Calculations, thought experiments and toy examples going back decades suggest that space-time has “holographic” properties: It’s possible to encode all information about a region of space-time in degrees of freedom in one fewer dimension — often on the region’s surface. “In the last 10 years, we’ve learned a lot more about how this encoding works,” Van Raamsdonk said.
What’s most surprising and fascinating to physicists about this holographic relationship is that space-time is bendy because it includes gravity. But the lower-dimensional system that encodes information about that bendy space-time is a purely quantum system that lacks any sense of curvature, gravity or even geometry. It can be thought of as a system of entangled qubits.
Under the it-from-qubit hypothesis, the properties of space-time — its robustness, its symmetries — essentially come from the way 0s and 1s are braided together. The long-standing quest for a quantum description of gravity becomes a matter of identifying the qubit entanglement pattern that encodes the particular kind of space-time fabric found in the actual universe.
So far, researchers know much more about how this all works in toy universes that have negatively curved, saddle-shaped space-time — mostly because they’re relatively easy to work with. Our universe, by contrast, is positively curved. But researchers have found, to their surprise, that anytime negatively curved space-time pops up like a hologram, particles come along for the ride. That is, whenever a system of qubits holographically encodes a region of space-time, there are always qubit entanglement patterns that correspond to localized bits of energy floating in the higher-dimensional world.

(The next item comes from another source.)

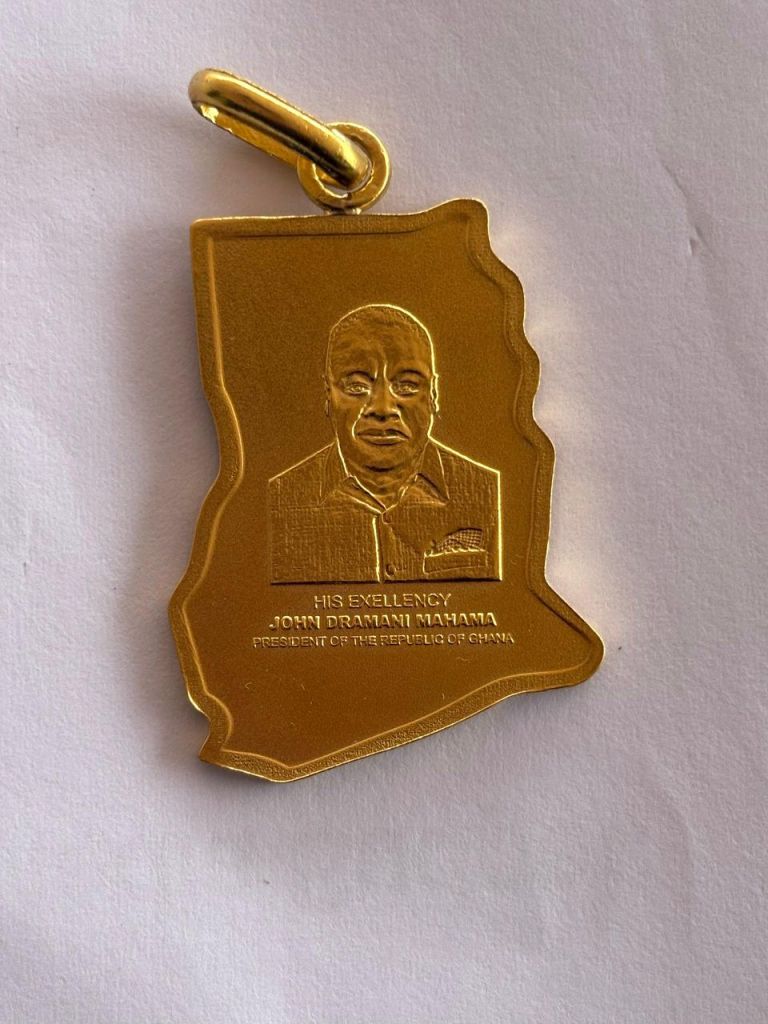 Ghana Gold Pendant featuring John Mahama officially hits market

Importantly, algebraic operations on the qubits, when translated in terms of space-time, “behave just like rotations acting on the particles,” Van Raamsdonk said. “You realize there’s this picture being encoded by this nongravitational quantum system. And somehow in that code, if you can decode it, it’s telling you that there are particles in some other space.”
The fact that holographic space-time always has these particle states is “actually one of the most important things that distinguishes these holographic systems from other quantum systems,” he said. “I think nobody really understands the reason why holographic models have this property.”
It’s tempting to picture qubits having some sort of spatial arrangement that creates the holographic universe, just as familiar holograms project from spatial patterns. But in fact, the qubits’ relationships and interdependencies might be far more abstract, with no real physical arrangement at all. “You don’t need to talk about these 0s and 1s living in a particular space,” said Netta Engelhardt, a physicist at MIT who recently won a New Horizons in Physics Prize for calculating the quantum information content of black holes. “You can talk about the abstract existence of 0s and 1s, and how an operator might act on 0s and 1s, and these are all much more abstract mathematical relations.”
There’s clearly more to understand. But if the it-from-qubit picture is right, then particles are holograms, just like space-time. Their truest definition is in terms of qubits.
Another camp of researchers who call themselves “amplitudeologists” seeks to return the spotlight to the particles themselves.
These researchers argue that quantum field theory, the current lingua franca of particle physics, tells far too convoluted a story. Physicists use quantum field theory to calculate essential formulas called scattering amplitudes, some of the most basic calculable features of reality. When particles collide, amplitudes indicate how the particles might morph or scatter. Particle interactions make the world, so the way physicists test their description of the world is to compare their scattering amplitude formulas to the outcomes of particle collisions in experiments such as Europe’s Large Hadron Collider.